As teachers. In the classroom kids need to know their opinions are respected, that they can think, that they are smart, that their experience is valid. If they begin to believe in themselves, everything else follows. Our country is built on people believing in everybody but themselves.
The classroom can also be a place Where new information is brought to the kids. My kids asked me what was happening to the Vietnamese people after I showed them some pictures of napalmed kids. They had never considered the question before and were shocked when they found out what was really happening. As a teacher, we can give them information with which to challenge the authority of the media and the government's version as complete truth.
As people. We are not only what we are in the classroom. We need to be much more than that if kids are really going to change, grow, and trust themselves. Before anyone can begin to believe in themselves, they have to have some vision of an alternative way of acting. Until they see something else working, they have no reason to believe that something else can work. We can begin to show them that something else can work.

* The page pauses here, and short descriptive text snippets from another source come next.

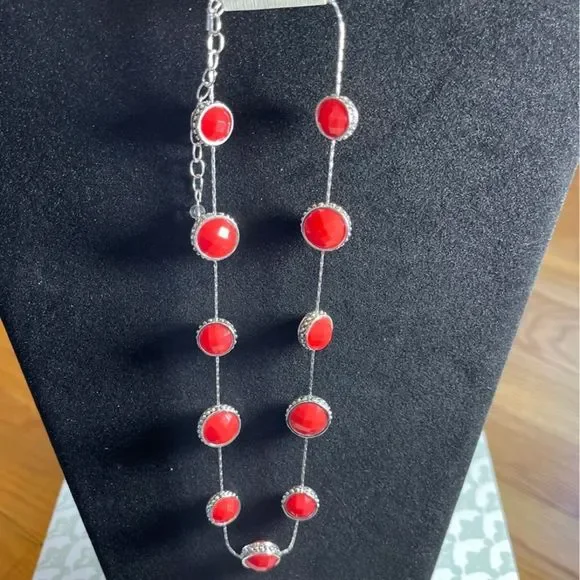 Necklace and earrings set - Picture 4 of 5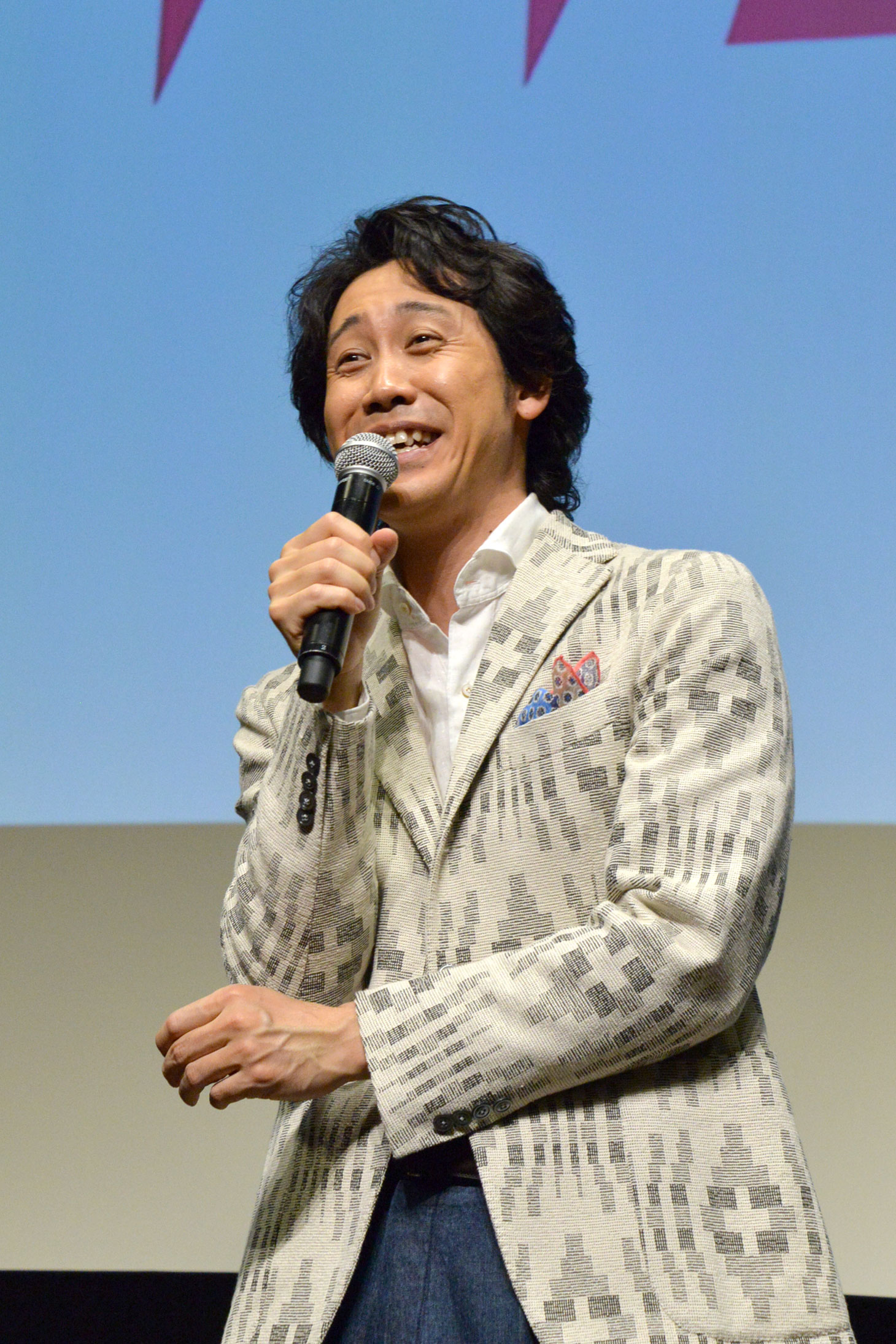 観客のおネエたちと口論する大泉洋。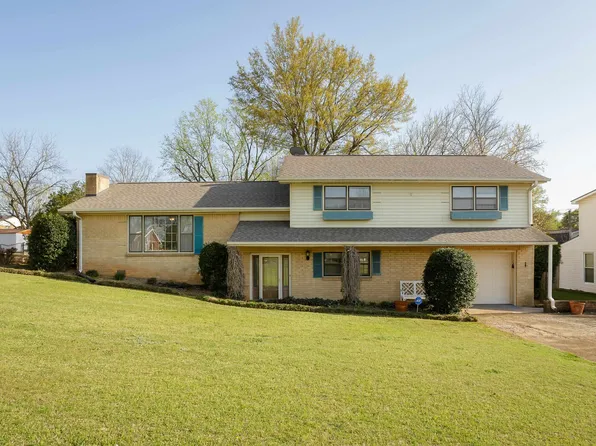 1004 Hemlock St, Tuscumbia, AL 35674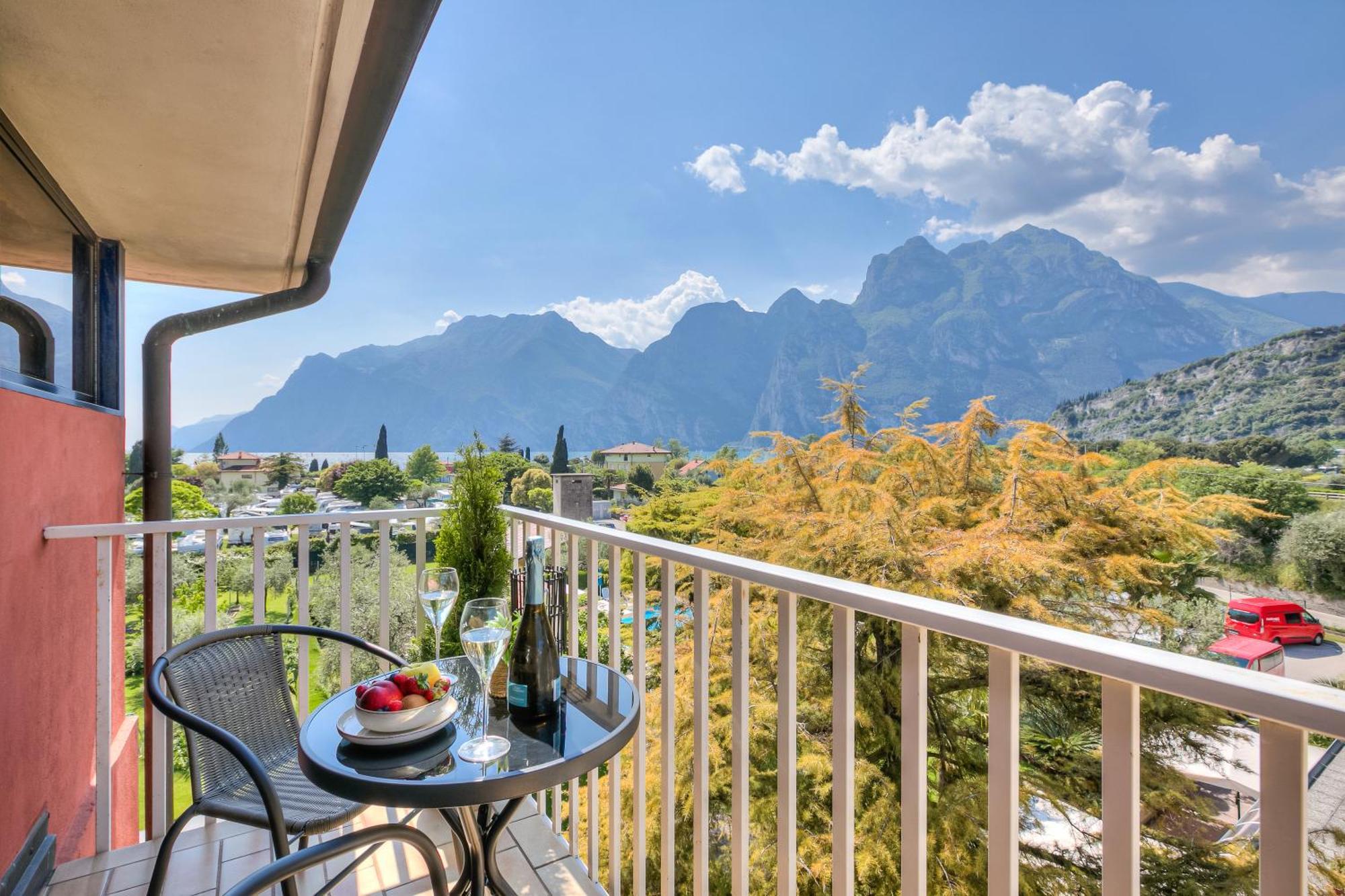 Bike & Wind Hotel Villa Maria Torbole Sul Garda Exterior photo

Last year kids were very much influenced by our living collective which shared money and personal decisions. They began to act more collectively themselves. We have to be able to point out things that work: collectives, food co-ops, free health clinics, free schools.
We have to take ourselves and what we believe seriously if we expect the kids to take us and themselves seriously. This means taking risks and speaking out about what we think is wrong with the schools. It also means trying to change and grow and challenge ourselves to live in the way we think is right: combating chauvinism, racism, individualism, competitiveness and self-hate. It means actively trying to change the society that makes this difficult. We can't just be teachers, or we will never teach our kids anything.
Root & Branch No. 3 (1971), pp. 34-36.